Instance Lifecycles¶
This section of the documentation describes what lifecycles an instance has and how you can reach the desired lifecycle for an instance.
Grove allows you to manage instances either locally or through GitLab CI pipelines. To operate the Kubernetes cluster and instances running on it properly, it helps to be aware of the effect of your actions on the cluster's health.
Instance states¶
Instances can have many states and the state is changed by the CI pipeline triggers -- in most of the cases. Before delving further, consider the diagram below.
State: No configuration¶
The configuration file does not exist yet. This may happen because we never created it, or it has been removed. This is the base state for an instance. We have no resources in the infrastructure for this instance and the configuration is not available yet.
State: Instance provisioned¶
The instance provisioned state can be achieved in two ways:
- Call the create instance pipeline, or
- Create an instance locally and push its configuration to the repository
Either way the instance will be provisioned and the configuration will be available online.
Note
When creating an instance locally, you jump to the "Configuration created" state, skipping the automatic merge request creation and merge steps. Which is not an issue in this case.

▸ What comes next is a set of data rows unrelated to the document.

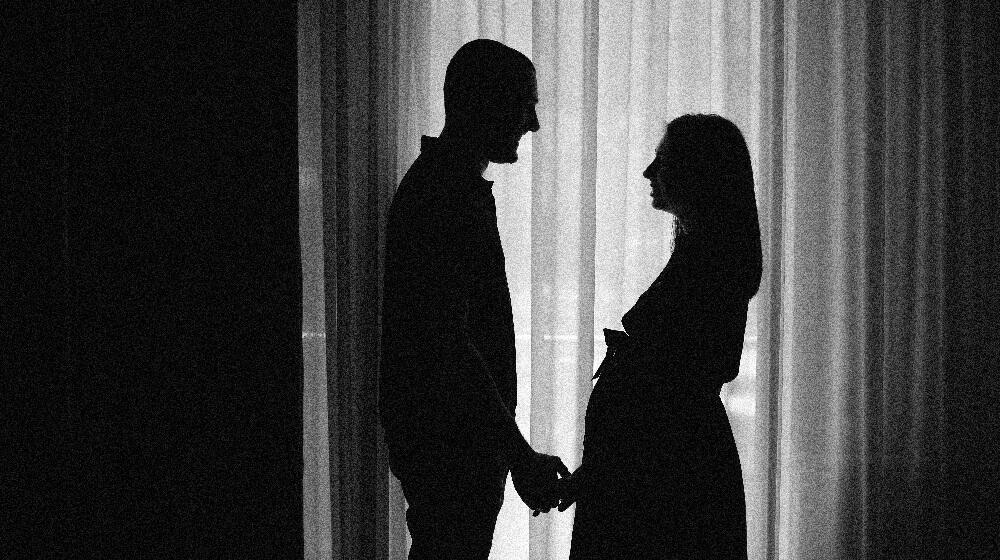 A black and white photo of a couple, expecting a baby standing near the curtains holding hands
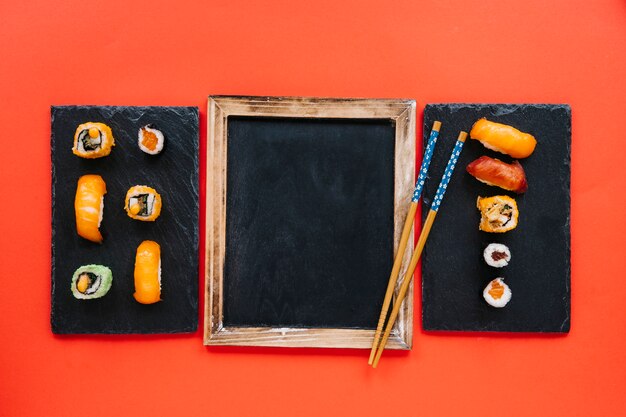 Baguettes sur le tableau noir entre les conseils de sushi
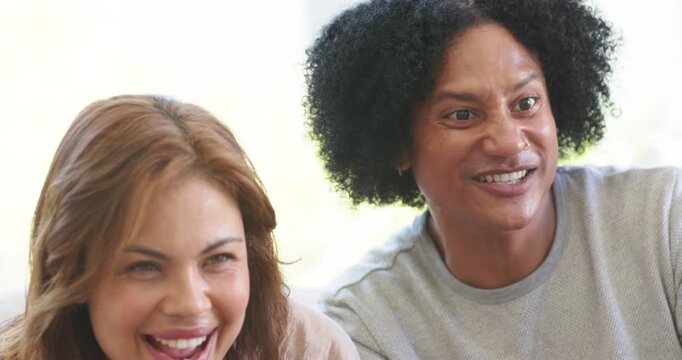 Couple sitting on sofa leaning in watching game, woman holding white controller after landing win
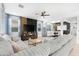 Open-concept living room features a large sectional sofa and a decorative accent wall at 22501 E Indiana Ave, Queen Creek, AZ 85142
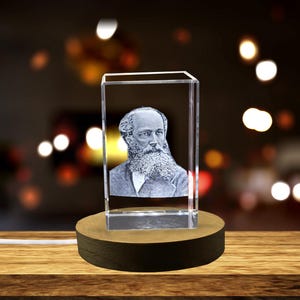 May include: A 3D crystal cube with a black and white engraved image of a man with a beard and mustache. The cube is on a wooden base.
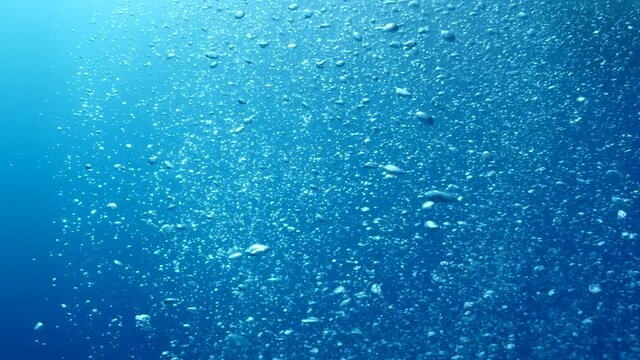air bubbles slow  underwater coming up scenery dark blue and sun shine ocean scenery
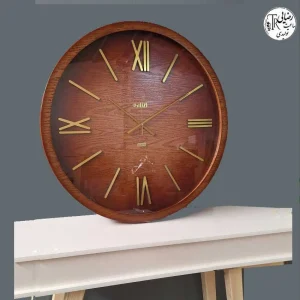 ساعت دیواری گرد پالیزی ساعت دیواری گرد پالیزی با قاب چوبی و طراحی کلاسیک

State: Instance provisioning failed¶
When an instance provisioning encounters an issue, the provisioning fails it may leave resources behind that require manual cleanup, depending on the state after provisioning failed. For example, the merge request may remain open and now it needs to be merged or closed manually.
State: Configuration created¶
Once an instance reaches this state, the configuration is available in the git repository and the instance is ready for deployment. The deployment involves infrastructure resource creation too.
State: Instance deployed¶
When a git commit with the appropriate commit message is pushed, an update instance pipeline is triggered. The pipeline applies the infrastructure modifications, and starts a deployment for the instance.
Note
The initial instance deployment takes significantly more time than the deployments afterwards.

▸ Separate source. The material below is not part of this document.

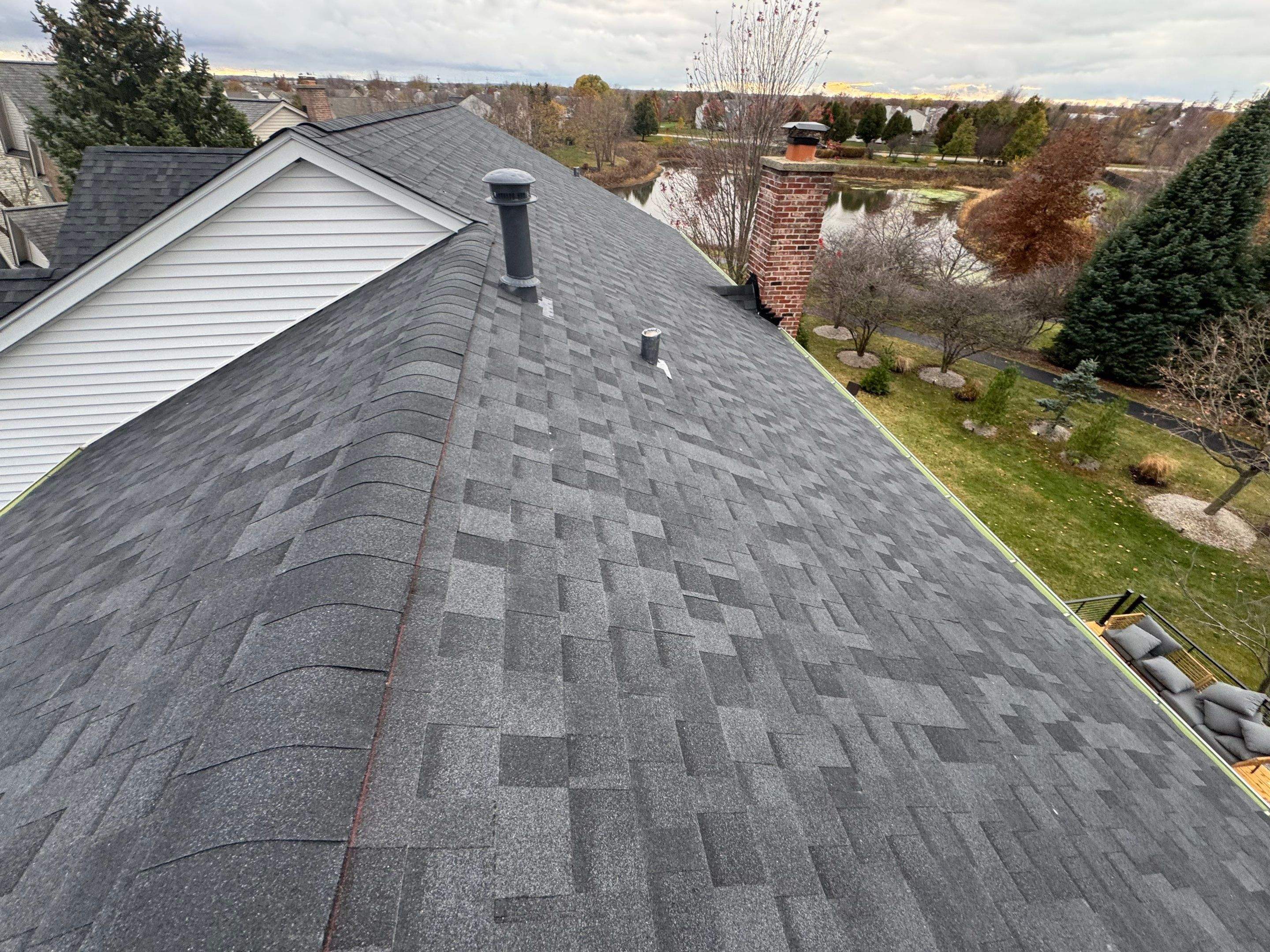 Rooftop level view of a completed residential dark gray asphalt shingle roof featuring clean lines, precise ridge caps, plumbing vent pipes, and a brick chimney. The background shows suburban scenery, trees, and a pond, showcasing professional roofing installation quality.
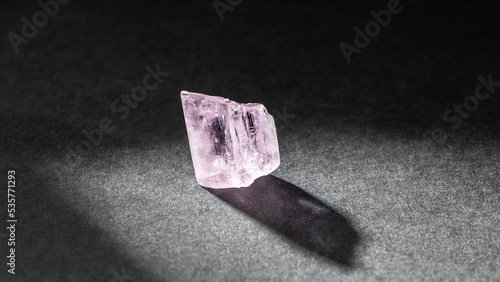 Kunzite crystal healing stone on black background photo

State: Instance deployment failed¶
When an instance deployment encounters an issue, the deployment fails it may leave resources behind that requires manual cleanup. Although, under normal circumstances, it is unlikely to happen, this state requires manual intervention.
State: Instance Archived¶
When an instance is archived, the configuration and resources are still in place, but the namespace is removed.

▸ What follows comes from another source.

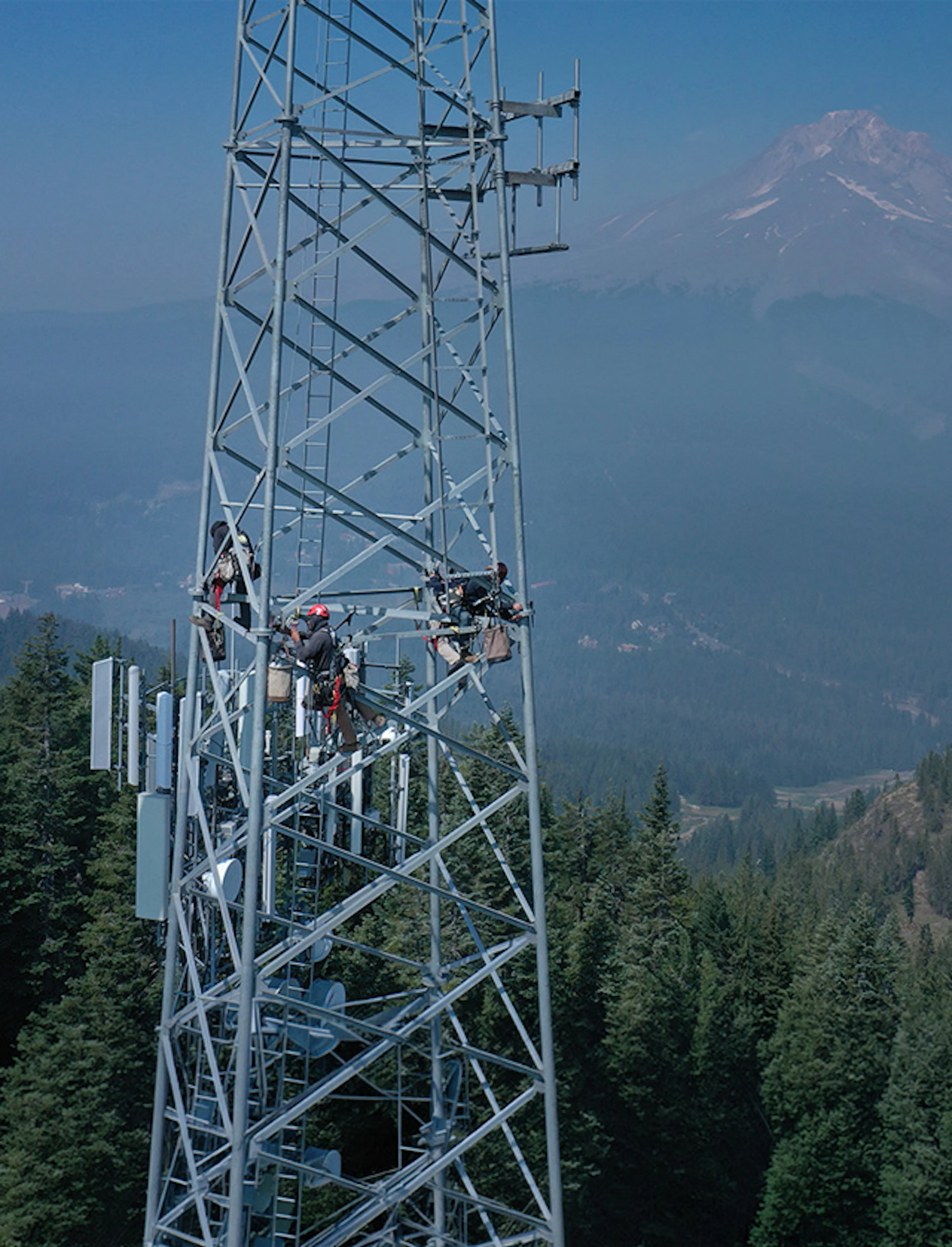 Technicians working atop a lattice communications tower — Day Wireless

State: Instance Archive failed¶
Since instance archive pipeline is an instance update pipeline, with automated configuration change, the failure scenario is the same as for the update pipeline.
State: Instance deprovisioned¶
Instance deprovisioning, similarly to provisioning, can result in two states: success or failure. An instance deprovisioning removes the configuration and the attached resources. This change is final and cannot be undone as any data stored your databases will be destroyed. It is possible to restore this data could be restored from a backup, but it might not be up to date.
Warning
Only call the instance archive pipeline if you know the instance is not needed anymore.
State: Instance deprovisioning failed¶
This state is reached when the deprovisioning fails. The CI pipelines may or may not remove resources, so manual intervention is required.